As a shareholder or even a customer, you have the right to communicate with the board of a company. You could be congratulating the bigwig on what a great job he is doing or lodging a constructive complaint to improve the goods or services the company provides. No matter the situation, there are some conventions you should adhere to when contacting someone in the upper echelon of a company. With any luck, you’ll soon get a reply and get the change you wanted.
Understand the mindset of many company board members. They did not get to the 50th floor by being timid wallflowers. Board members are generally smart, hardworking people who attended college (including business school) and have worked their way up through the hierarchy of the firm. Try to communicate in clear, professional terms to reach them. According to the University of North Carolina, you should assume that the person reading your letter has a limited amount of time to consider your letter, so try not to be long-winded.
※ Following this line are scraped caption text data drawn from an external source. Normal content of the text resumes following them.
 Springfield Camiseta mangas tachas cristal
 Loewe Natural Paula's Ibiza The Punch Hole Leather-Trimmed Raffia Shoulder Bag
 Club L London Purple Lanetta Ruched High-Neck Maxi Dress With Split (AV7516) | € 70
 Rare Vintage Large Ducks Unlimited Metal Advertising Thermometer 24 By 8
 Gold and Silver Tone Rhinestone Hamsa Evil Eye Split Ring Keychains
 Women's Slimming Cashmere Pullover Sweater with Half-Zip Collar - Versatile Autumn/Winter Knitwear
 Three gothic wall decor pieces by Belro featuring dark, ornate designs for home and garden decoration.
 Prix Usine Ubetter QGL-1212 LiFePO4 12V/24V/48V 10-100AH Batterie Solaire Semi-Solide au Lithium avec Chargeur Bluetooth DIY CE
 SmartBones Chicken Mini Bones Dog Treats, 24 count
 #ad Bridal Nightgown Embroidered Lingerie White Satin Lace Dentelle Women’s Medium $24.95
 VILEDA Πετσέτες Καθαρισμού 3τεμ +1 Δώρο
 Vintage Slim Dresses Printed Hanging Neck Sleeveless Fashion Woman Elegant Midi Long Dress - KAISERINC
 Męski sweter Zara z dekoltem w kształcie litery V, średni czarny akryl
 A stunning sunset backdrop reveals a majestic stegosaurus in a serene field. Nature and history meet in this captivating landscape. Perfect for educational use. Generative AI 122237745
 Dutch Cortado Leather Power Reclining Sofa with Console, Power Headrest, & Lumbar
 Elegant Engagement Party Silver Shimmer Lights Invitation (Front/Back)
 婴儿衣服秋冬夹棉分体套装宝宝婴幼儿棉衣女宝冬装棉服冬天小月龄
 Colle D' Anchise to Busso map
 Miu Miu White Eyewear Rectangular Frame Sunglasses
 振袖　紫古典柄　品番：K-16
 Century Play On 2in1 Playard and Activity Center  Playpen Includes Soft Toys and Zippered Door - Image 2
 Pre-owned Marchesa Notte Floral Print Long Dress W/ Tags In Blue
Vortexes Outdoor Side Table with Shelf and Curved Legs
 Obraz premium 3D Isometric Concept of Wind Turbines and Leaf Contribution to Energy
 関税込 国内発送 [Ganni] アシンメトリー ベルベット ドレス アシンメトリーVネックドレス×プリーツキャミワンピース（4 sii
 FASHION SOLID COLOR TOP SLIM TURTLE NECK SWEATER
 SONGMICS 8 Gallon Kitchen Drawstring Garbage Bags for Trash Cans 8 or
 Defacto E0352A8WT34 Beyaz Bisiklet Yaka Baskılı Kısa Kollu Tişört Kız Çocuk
Employ standard business letter format. This is not difficult to do, and it tells the board member (and her secretary) that you are probably a reasonable, rational person whose concerns should be considered. Begin with your full address and other contact information, then include the date, then the board member’s address. The next part of the letter is the salutation. Try to avoid gender-based titles. For example, begin a letter to Chris Bridges with “Dear Chris Bridges.” If you use “Mr.,” you run the risk of getting off on the wrong foot in the event “Chris” is short for “Christine.”
Write in a calm, professional tone, even if you’re upset. To double-check for this, set your letter aside for a couple of days and read it when you’re in a cooler state. If you’re still concerned, have a friend read your letter to look for incendiary language.
Establish in the first full paragraph why you are writing and your qualifications. This can be very simple: “I am writing as a shareholder to register my displeasure with respect to the board’s decision to…” By informing him you are a shareholder, he knows immediately that he shouldn’t simply ignore you.
Provide the evidence you have to support your claim. Provide as many specific details as you can to allow the board member to take action with your specific problem. For example, “The last time your firm invested in mortgage-backed securities, next-year profits were depressed by 50 percent.”
Offer a course of action for the board member to take, even if it’s something as simple as replying to you with respect to your concern. While the VIP may refuse your request, it should be easy for her to figure out what you want. “I would like to receive records of the firm’s recent transactions…”
Finish your letter with the brief, standard pleasantries businesspeople expect. For example: “I look forward to your response and thank you for your attention to this matter.” It’s a small thing, but it’s important: sign your name clearly and boldly at the end of the letter.